ROANOKE TIMES

                         Roanoke Times
                 Copyright (c) 1995, Landmark Communications, Inc.

DATE: TUESDAY, December 28, 1993                   TAG: 9312300037
SECTION: CURRENT                    PAGE: NRV-3   EDITION: NEW RIVER VALLEY 
SOURCE: By PAUL DELLINGER STAFF WRITER
DATELINE: DUBLIN                                LENGTH: Medium


SCHOOL OFFICIALS PLAY CATCHUP AT GOVERNOR'S SCHOOL

At first glance, they looked too mature to be students at the Southwest Virginia Governor's School.

But there they were in classes all the same - superintendents, directors of instruction, computer and technology educators and principals from Giles, Montgomery, Carroll, Floyd, Bland and Pulaski counties and the city of Galax. There were representatives of Radford University, Virginia Tech, James Madison University and New River Community College, and officials from business and industry including Hoechst-Celanese, Pulaski Community Hospital, Volvo GM Heavy Truck Corp. and ASEA-Brown Boveri.

They had signed up for Technological Applications in Education, a recent afternoon program at the regional school sponsored by nine businesses, universities and departments.

``We've all got one commitment, and that's to better education,'' Pat Duncan, the school's director, told the visitors before they split into groups to attend workshops in physical science, chemistry, biology, mathematics, computer lab and integrated curriculum research.

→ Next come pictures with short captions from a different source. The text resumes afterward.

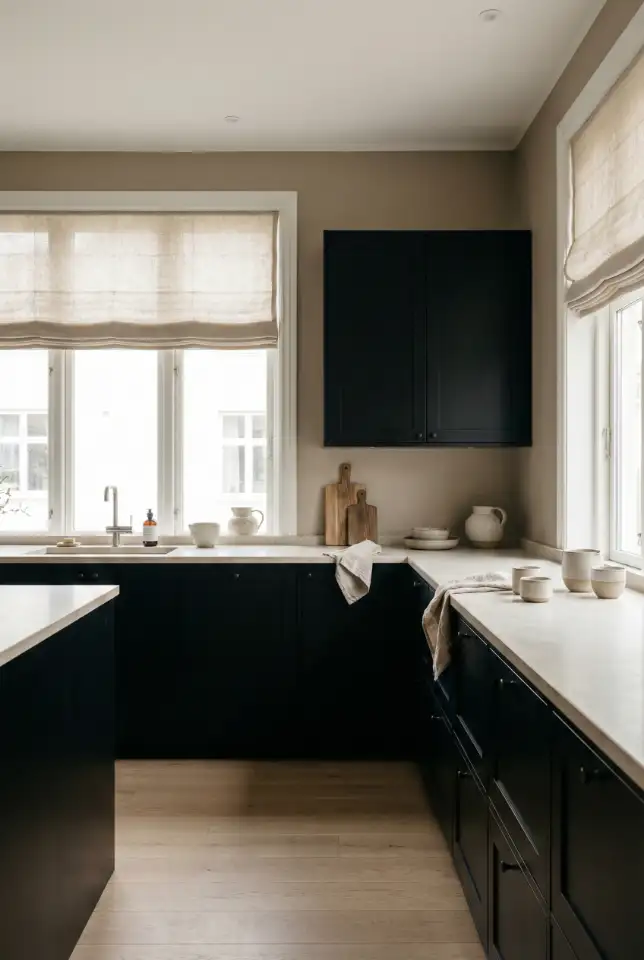Taupe Walls + Black Cabinets For a Soft Modern Blend 1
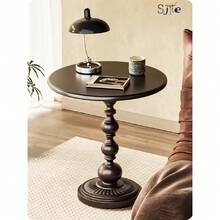 Side Table - 13.8" Round Small Accent Table With Metal Base, Multifunctional Vintage Coffee Table For Living Room, Bedroom, Office & Patio - Elegant Matte-Finished End Tables,23138471 - 黑色 - 查看 5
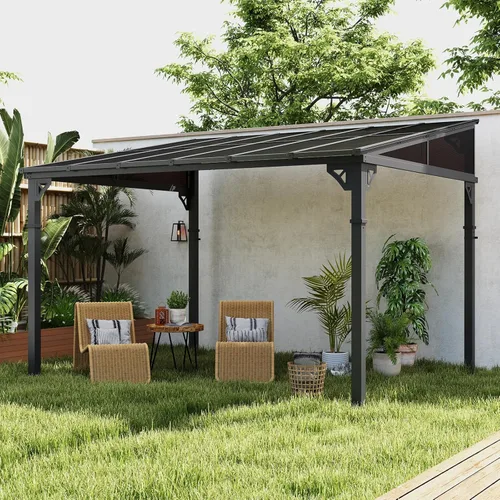 Vista 29 de Cobertizo de almacenamiento de metal negro de 10 x 10 pies, cobertizo de herramientas duradero para exteriores con construcción de acero resistente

The ever-growing technologies in fields such as computers are often more difficult for educators who have not grown up with them than for the students they are teaching.

``You see them with their little hand-held games and their remote controls,'' Duncan said of the students. Computers are not mysterious to them, she said.

The Governor's School has been offering in-service training to educators from the counties it serves and beyond using its advanced teaching equipment. ``We have upwards of $10,000 or more in software,'' Duncan said.

The school also is working on a project that would link its computer programs by telephone with high schools from which it draws its students. The link initiative will start with Pulaski County High School, where the Governor's School is located.

After gauging the success of the project on its home campus, the Governor's School will work on reaching out to science departments in other schools that might share its software by telephone.